Battle of the Sexes

A coordination game in which both players prefer coordinating to mismatching, but each prefers a different coordinated outcome.

Battle of the sexes is a coordination game in which two players both want to choose the same action, but they disagree about which coordinated outcome is best.

Why the game matters

The game shows that strategic problems are not always about pure conflict. Sometimes the main issue is coordination, but distribution still matters because one coordinated equilibrium benefits player A more while another benefits player B more.

Basic model logic

The game usually has:

  • two Nash equilibria in pure strategies,
  • one equilibrium preferred by player 1,
  • another preferred by player 2,
  • a bad outcome when they fail to coordinate.

That makes expectations central. If each player believes the other will choose one equilibrium, matching that choice becomes rational.

Economic applications

Economists use this game to think about:

  • standard-setting,
  • bargaining over focal points,
  • policy coordination,
  • household and firm decisions where agents value compatibility.

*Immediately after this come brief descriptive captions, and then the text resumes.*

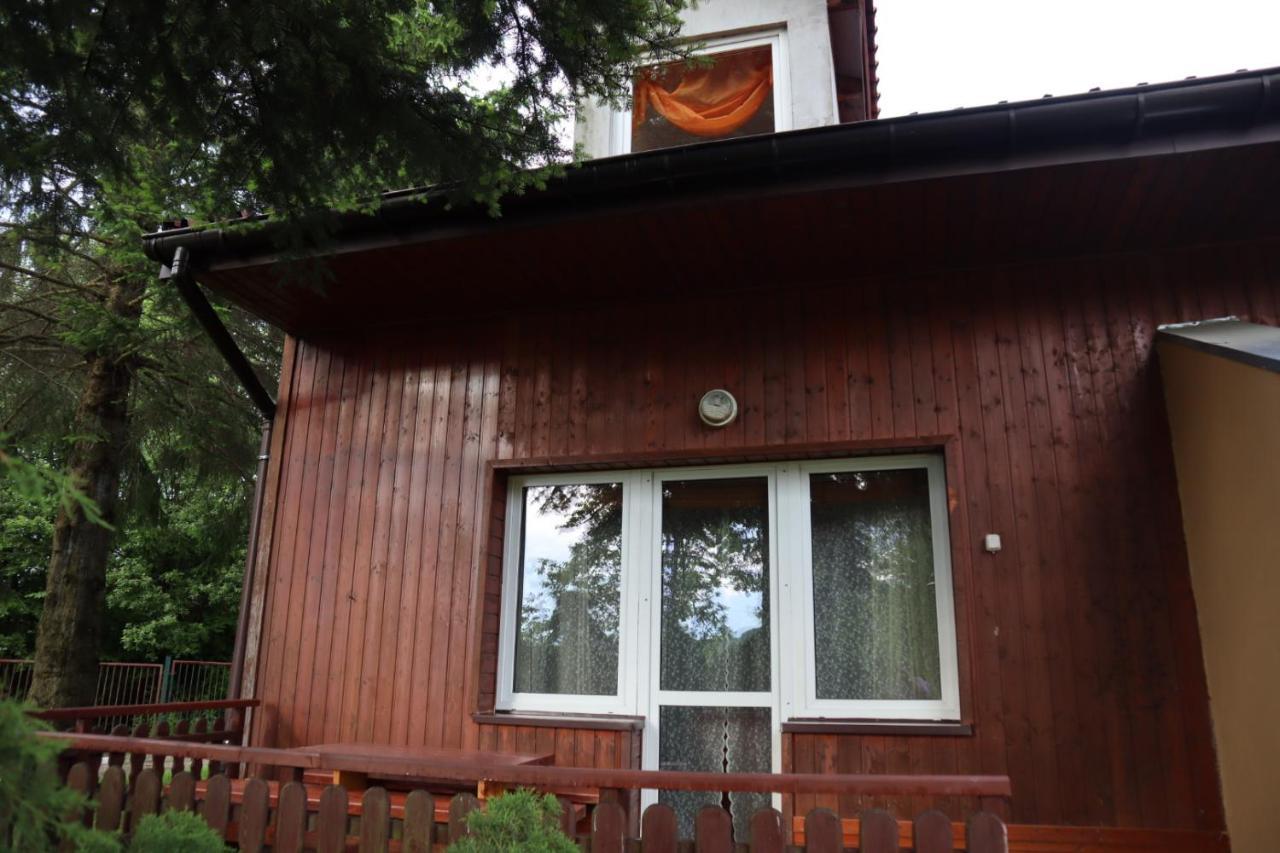 Отель Osrodek Wypoczynkowy " Bieszczady" Мычковце Экстерьер фото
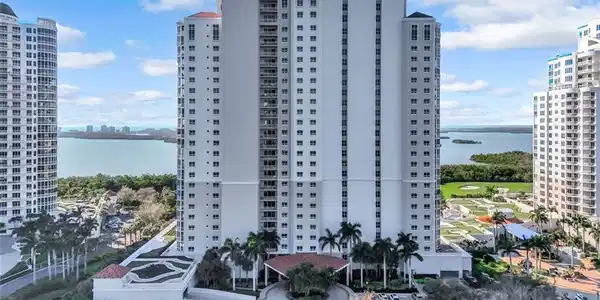 4951 Bonita Bay BLVD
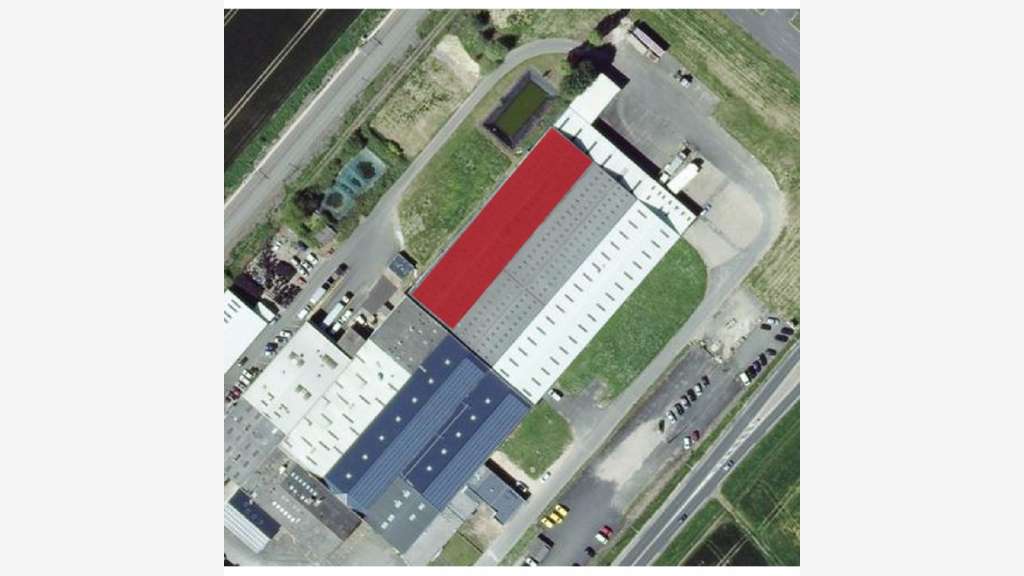 À louer 2 entrepôts de 2 400m² proche d'Orléans
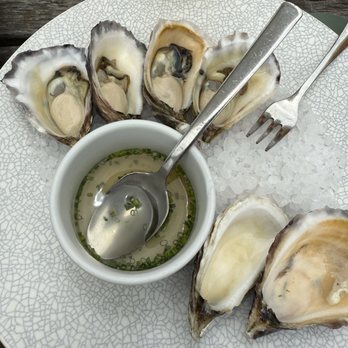 Cupitt's Estate - Restaurants Near Me - Ulladulla, NSW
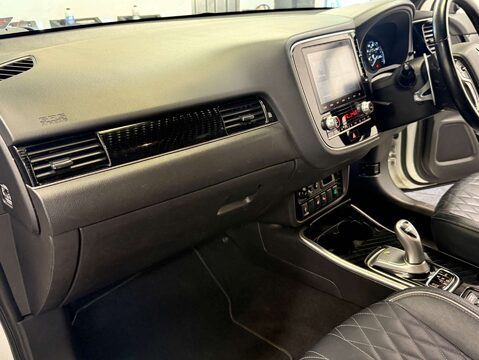 Mitsubishi Outlander 2.4 Outlander Exceed Safety PHEV CVT 4WD 5dr 58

The lesson is that institutions, norms, and communication can matter as much as payoffs because they help select which equilibrium people converge on.

Knowledge Check

### What is the central problem in the battle of the sexes game? - [x] Coordination with conflicting preferences over the coordinated outcome - [ ] Complete agreement over all outcomes - [ ] A market with perfect competition - [ ] A one-player optimization problem > **Explanation:** Both players want to match, but each wants the match to happen on different terms. ### Why can the game have more than one Nash equilibrium? - [x] Because both coordinated outcomes can be stable responses to expectations - [ ] Because players ignore payoffs - [ ] Because there are no strategic incentives - [ ] Because the game has no mismatch outcome > **Explanation:** If each player expects the other to coordinate on one option, matching that option is rational, so multiple stable outcomes can exist. ### What often helps solve battle-of-the-sexes type problems in real economies? - [x] Communication, norms, and focal points - [ ] Random pricing alone - [ ] Eliminating all preferences - [ ] Ignoring expectations > **Explanation:** Institutions and focal points help agents converge on one equilibrium instead of getting stuck in a mismatch.